Fortunately Simon Le Bon has fully recovered and now the band are continuing the tour albeit a few months later than planned.
I was filming behind the scenes at the time as I wanted to show you the process we go through on these big shows but was holding off showing you this because I was always hopeful that we might get the chance to shoot one of the new shows and therefore the complete project...
Well, we are in negotiations with the band's management about possibly filming a Gig next week. And this is why I wanted to write to you about this. You see you might think that these things have months of planning. The truth is that in many cases we get very short notice. For example James called me 2 days ago to say he'd had a call from a Music Management Company based in LA who represented a Danish Artist. They wanted to shoot a music video in Copenhagen, Denmark in 4 days time. So James called me, then wrote a treatment for the band. We started planning a 1 day shoot, not knowing if we'd win the gig. So the plan was to shoot on the Sony FS100 but use a Pl to E-mount adaptor. I wanted to shoot with Arri Superspeeds because much of the planned filming would take place at night. [private_ICFM]
You see, despite not knowing if we'd even win the gig, we still went into full on pre-production planning mode, pencilling kit with hire companies, planning logistics, looking at flight times etc etc.
Anyway, it's now Wednesday evening and we haven't heard back from the Bands management so we're figuring the gig went to someone else. This is not uncommon. A manager will put out to tender to 5/6 directors to pitch an idea then he/she will present the ideas to the band and the band will choose the concept they like the most.

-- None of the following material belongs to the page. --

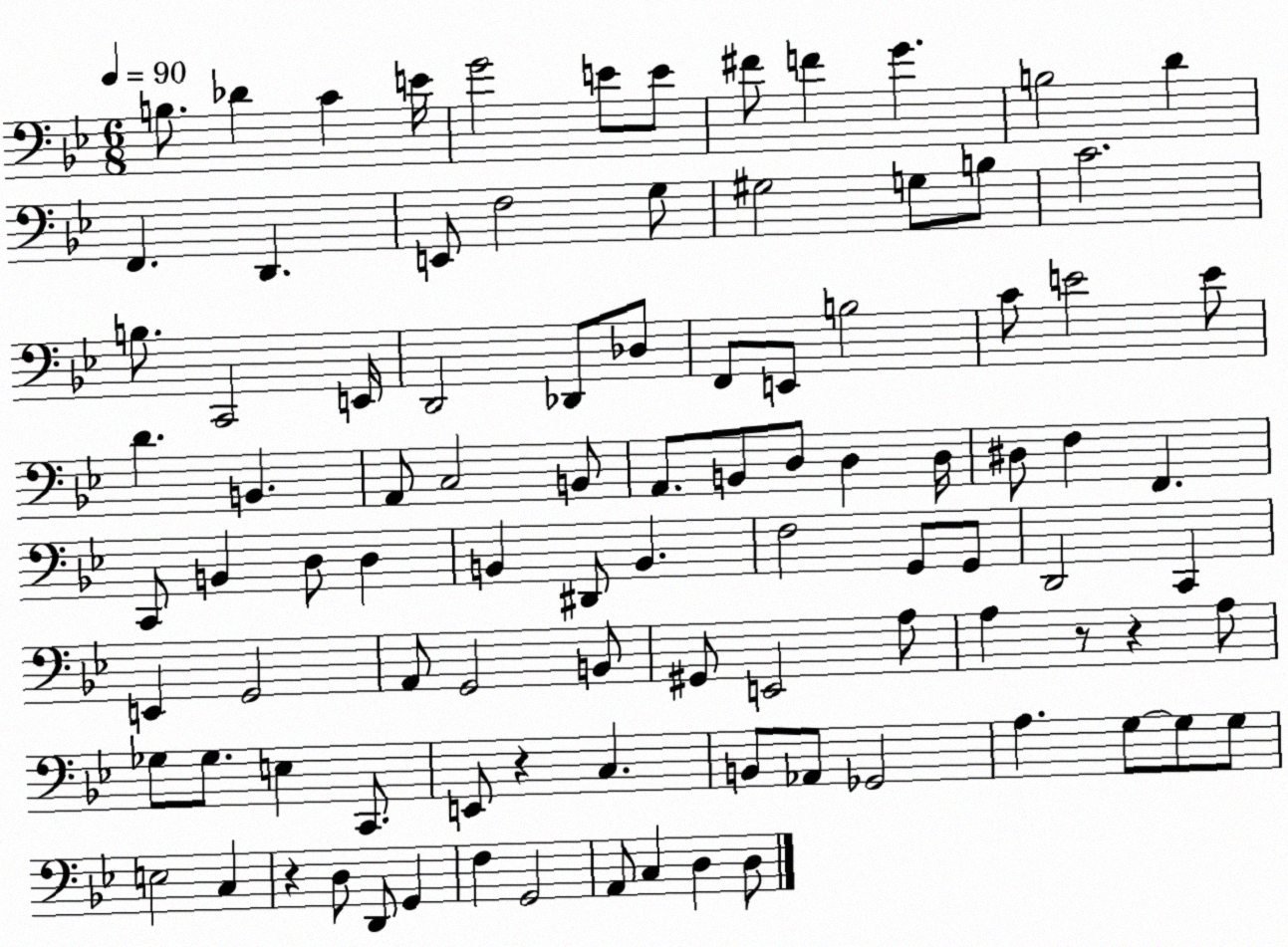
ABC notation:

But the process remains the same. You have to plan meticulously and things don't always go to plan.
So back to Duran Duran. One phone call later and we're now prepping a potential 13 camera shoot for Dec 16th in Manchester at the MEN Arena.
This is a much larger venue than we'd first spec'd, so we need to take our original camera plan (see below) and do some reworking of positions and lens choices.

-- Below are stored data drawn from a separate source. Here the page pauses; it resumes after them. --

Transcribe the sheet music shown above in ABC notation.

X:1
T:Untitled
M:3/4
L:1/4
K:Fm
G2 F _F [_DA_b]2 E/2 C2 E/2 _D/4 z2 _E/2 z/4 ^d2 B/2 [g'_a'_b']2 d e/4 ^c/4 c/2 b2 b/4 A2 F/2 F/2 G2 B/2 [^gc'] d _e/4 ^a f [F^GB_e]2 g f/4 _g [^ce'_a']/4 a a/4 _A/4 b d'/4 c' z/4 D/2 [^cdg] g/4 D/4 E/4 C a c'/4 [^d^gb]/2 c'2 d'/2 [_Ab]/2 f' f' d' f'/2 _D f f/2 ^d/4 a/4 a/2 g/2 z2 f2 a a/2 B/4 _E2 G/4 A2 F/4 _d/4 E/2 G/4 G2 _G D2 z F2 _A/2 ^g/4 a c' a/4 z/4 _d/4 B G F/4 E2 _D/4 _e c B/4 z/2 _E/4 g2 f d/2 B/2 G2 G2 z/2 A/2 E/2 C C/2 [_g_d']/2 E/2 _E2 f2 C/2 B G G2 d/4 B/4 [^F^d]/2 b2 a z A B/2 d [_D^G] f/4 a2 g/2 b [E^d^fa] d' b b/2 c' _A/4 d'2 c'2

The biggest single challenge in a show like this is the sheer distance you need to be from the stage due to where you can safely put cameras in an auditorium filled with 20,000 paying guests. So focal length of lenses becomes critical but also the ability to keep the shot steady.
We previously did a number of lens tests in a park trying to figure out frame sizes and distances.... it may surprise you to learn that we try to figure things out in this way but our problem was we could not physically see the venue until the day before the show and we had to hire lenses and tripods in advance. So you have to call on 17 years of experience and some advance guesswork.
Here is a .pdf article I wrote about the experience:
In this video diary we made while preparing the last shoot I show you how we go about preparing for a shoot like this.
Naturally, if we get the go ahead next Friday 16th, I'll be bringing you an exclusive behind the scenes. At the time of writing it's between us and a 3D production company.... I will let you know.